Türkiye’de sermaye sınıfının, egemen sınıfların tercihlerinin başkanlık sistemi olduğunu söylüyorlar. Ben tam böyle düşünmüyorum. Şöyle düşünüyorum: Sermaye sınıfının elbette belirli tercihleri olabilir ama sermaye sınıfının tercihlerini doğrudan doğruya bugün getirilmek istenen başkanlık sistemi gibi bir şey dayattığını düşünmüyorum. Dolayısıyla neye bağlıyorum bunu, bugünkü başkanlık sistemi ya da cumhurbaşkanlığı sistemi her neyse dayatması daha özel olarak önünün tıkanabileceğini, büyük bedeller ödeyebileceğini gören bir siyasi zihniyetin “Benim kurtuluş yolum bu olabilir” demesi.
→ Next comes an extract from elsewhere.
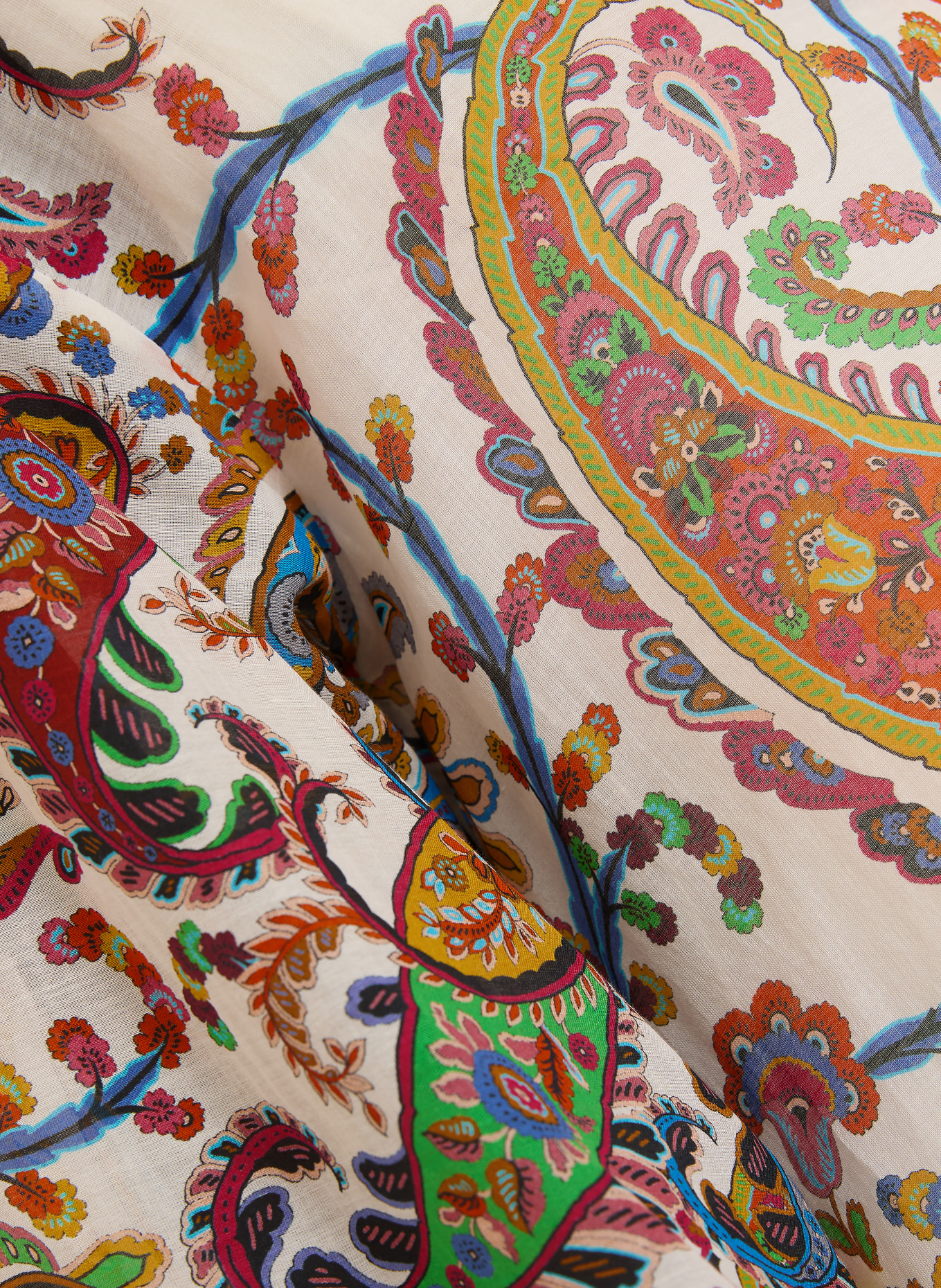 ETRO strandjurk: WIT / ORANJE / BLAUW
Kurtuluş reçetesi olarak görmesi. Şunu anlatmaya çalışıyorum objektif diyebileceğimiz ölçütlere göre saray rejiminin subjektif çıkarları, niyetleri, geleceğe ilişkin kuşkuları bana göre bu başkanlık sistemini zorlamalarını getiren başlıca nedendir.

-Bunun bir rejim değişikliği olduğunu söylüyorlar, AKP de diyor ki “Bu bir sistem değişikliği.” Bu meseleye nasıl bakıyorsunuz? Bu bir sistem değişikliği mi yoksa rejim değişikliği mi?
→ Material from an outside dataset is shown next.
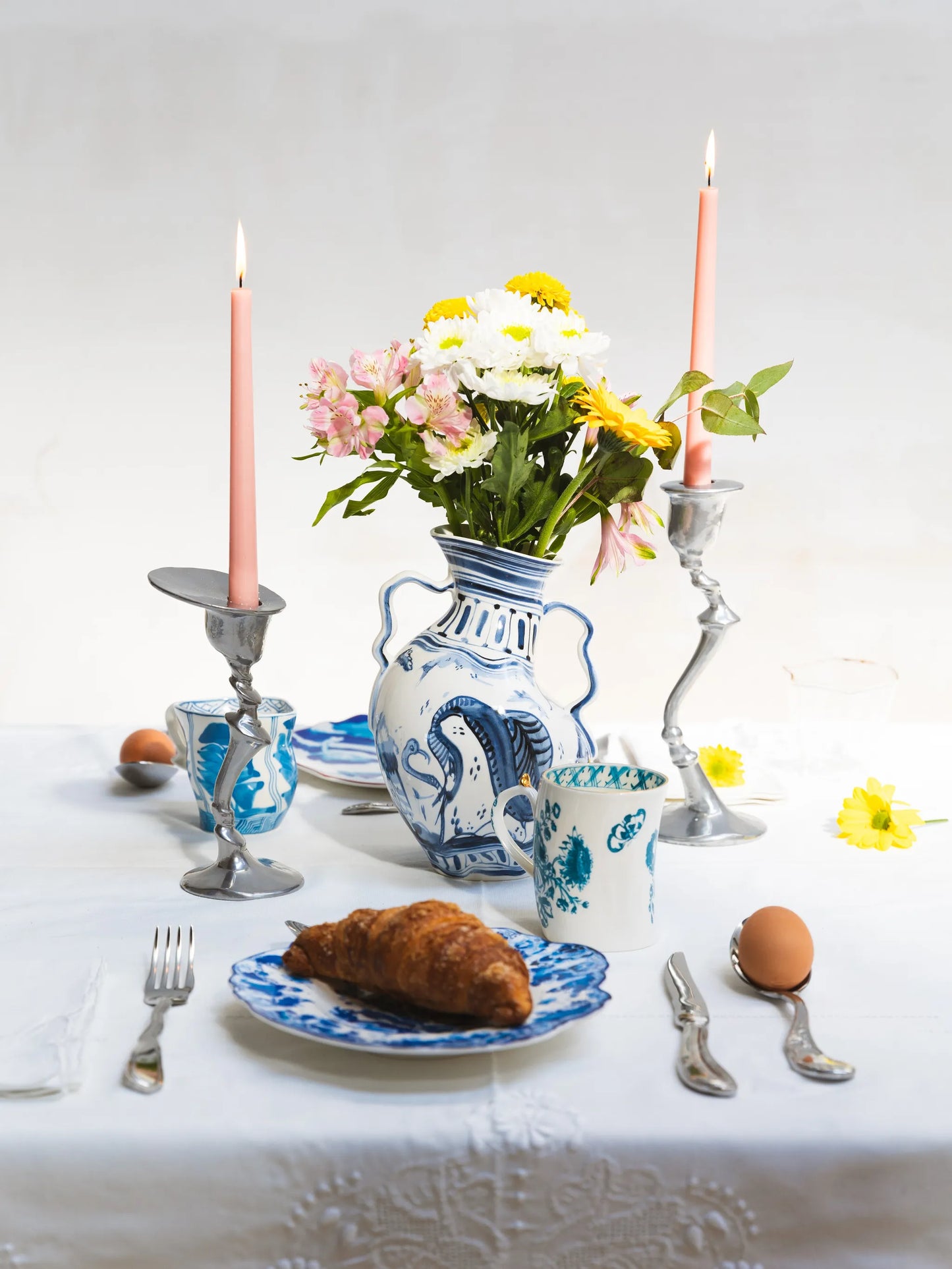 IBEX porcelain vase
Kağıt üzerinde bakıldığı zaman rejim falan değişmiyor sistem değişiyor denilebilir ama defakto, fiili uygulamalara bakıldığında, anayasayadaki onsekiz maddeye bakıldığında fiilen bir rejim değişikliği olduğu ortaya çıkıyor.

Sözgelimi çok basit bir örnek; mesela Kurtuluş Savaşı yıllarında meclis Mustafa Kemal Paşa’yı sorgulayabiliyordu, yetkileri verelim vermeyelim konusunda şimdi oradan bile çok geri bir noktaya geldi.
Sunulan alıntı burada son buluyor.